(Short descriptive text snippets)
--- START ---

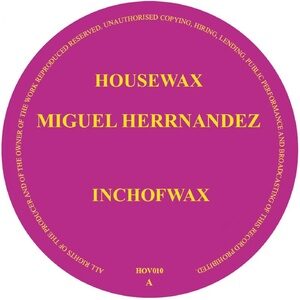 Miguel Herrnandez - Inchofwax [HOV010]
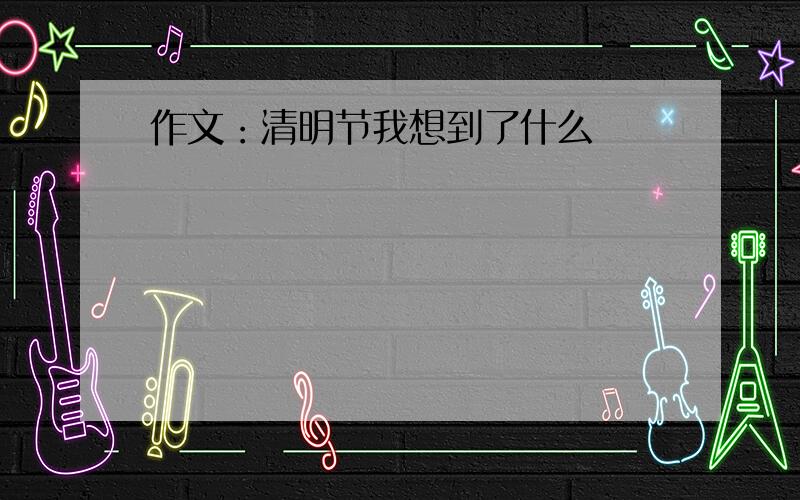 作文：清明节我想到了什么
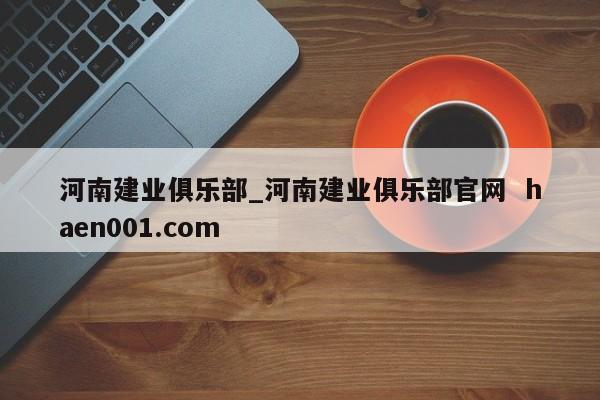 河南建业俱乐部_河南建业俱乐部官网  haen001.com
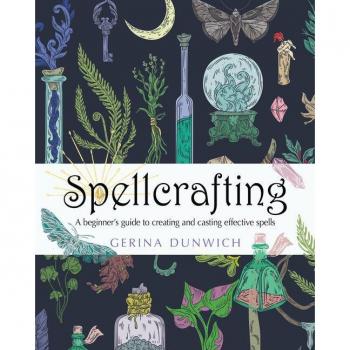 Spellcrafting : A Beginner's Guide to Creating and Casting Effective Spells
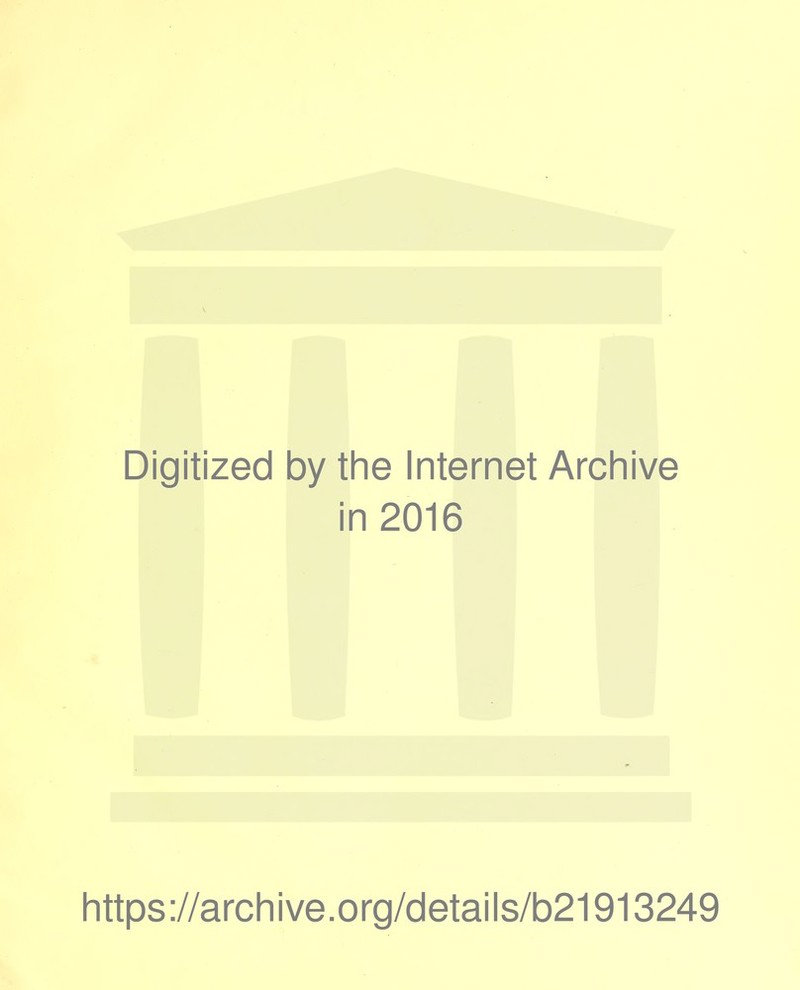 Digitized by the Internet Archive in 2016 https://archive.org/details/b21913249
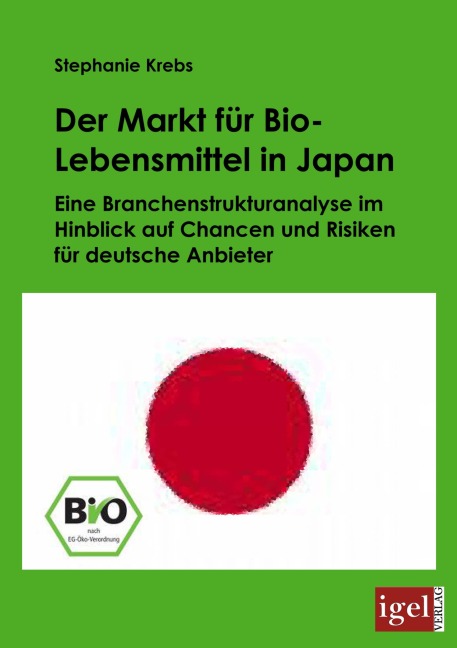 Der Markt für Bio-Lebensmittel in Japan - Stephanie Krebs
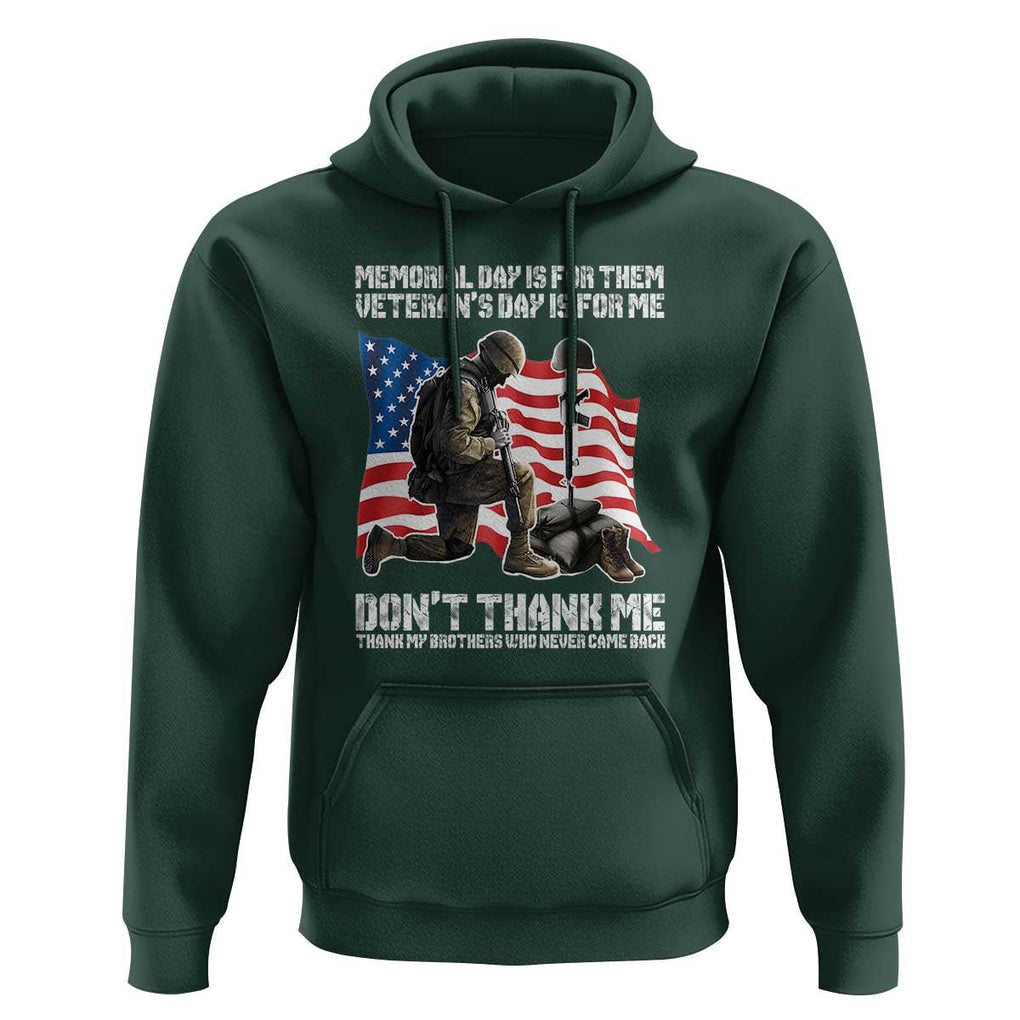 Memorial Day Is For Them Veteran's Day Is For Me Hoodie Decoration Day American Flag TS11 Dark Forest Green Print Your Wear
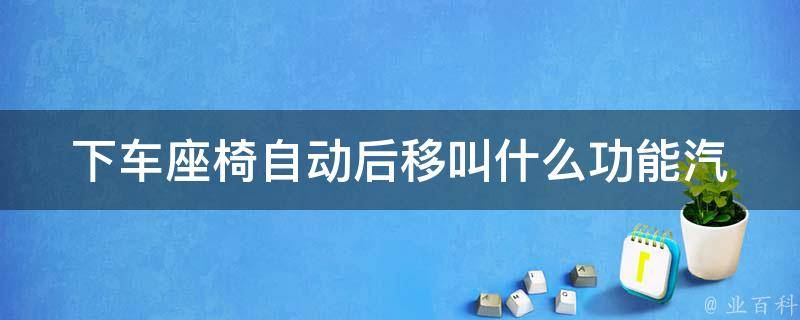 下车座椅自动后移叫什么功能_汽车座椅智能回位技术详解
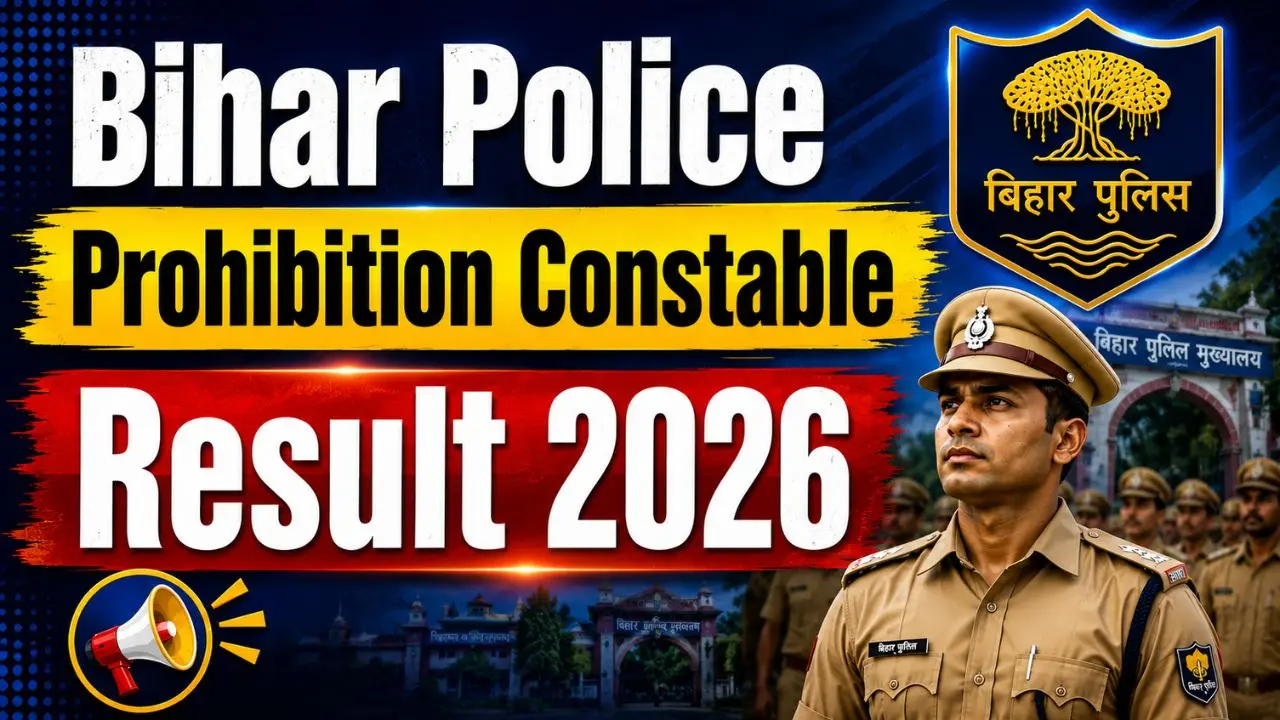 Bihar Police Prohibition Constable Result 2026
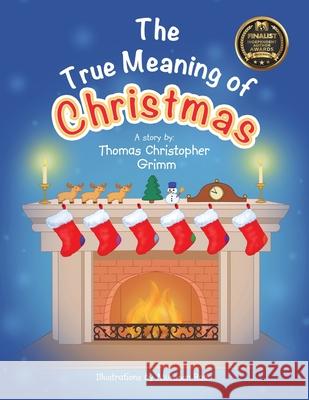 The True Meaning of Christmas Thomas Christopher Grimm Mureson Radu 9781665765015 Archway Publishing - książka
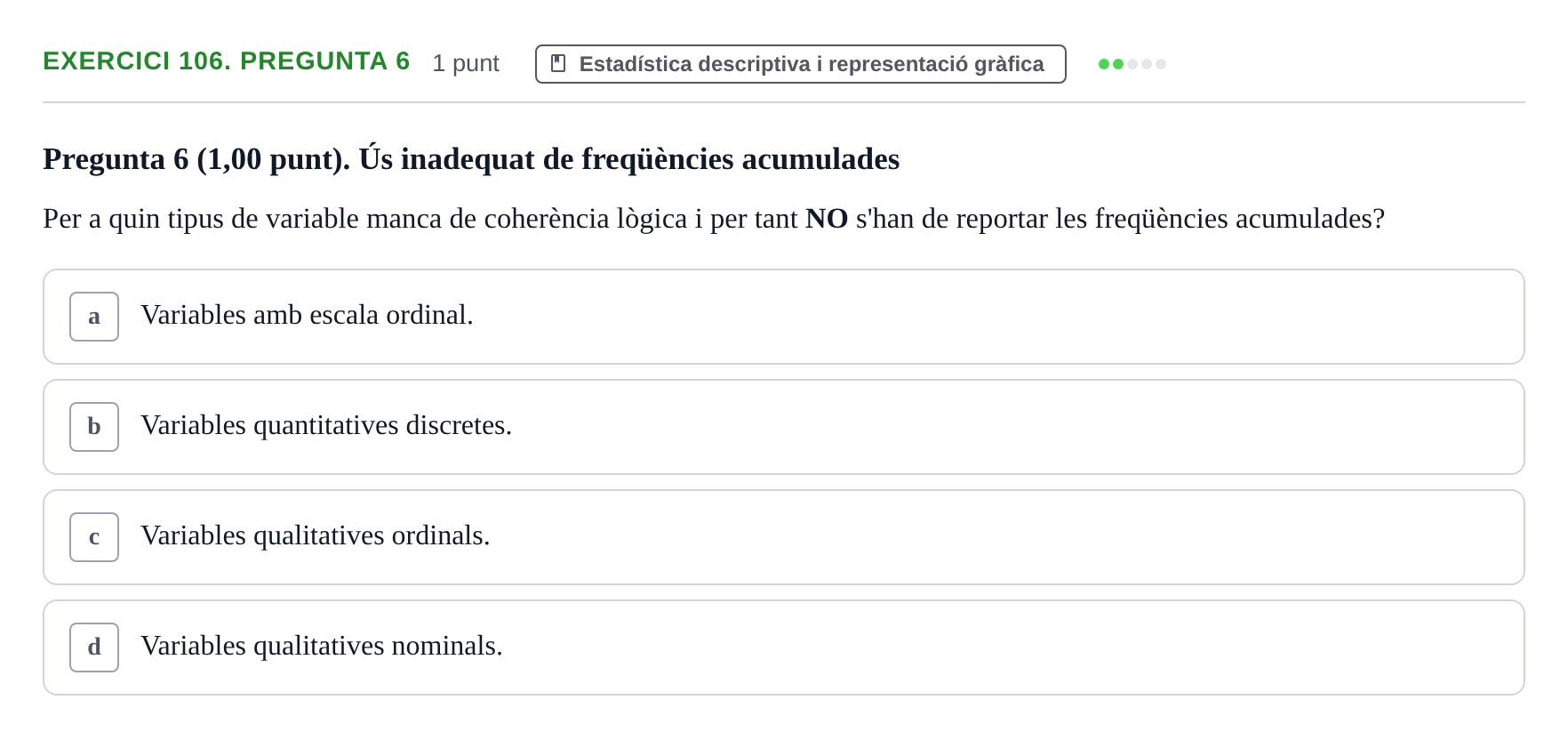 Enunciado: Ejercicio 106. Pregunta 6 · Habilitats d'Investigació Clínica i de Lectura Crítica UVIC 2023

--- END ---

Directions for this task: Start with the line holding "The True Meaning" and repeat exactly every line through the final line of the records above, but no pictures and nothing more.

Solved problem:
 The True Meaning of Christmas Thomas Christopher Grimm Mureson Radu 9781665765015 Archway Publishing - książka
 Enunciado: Ejercicio 106. Pregunta 6 · Habilitats d'Investigació Clínica i de Lectura Crítica UVIC 2023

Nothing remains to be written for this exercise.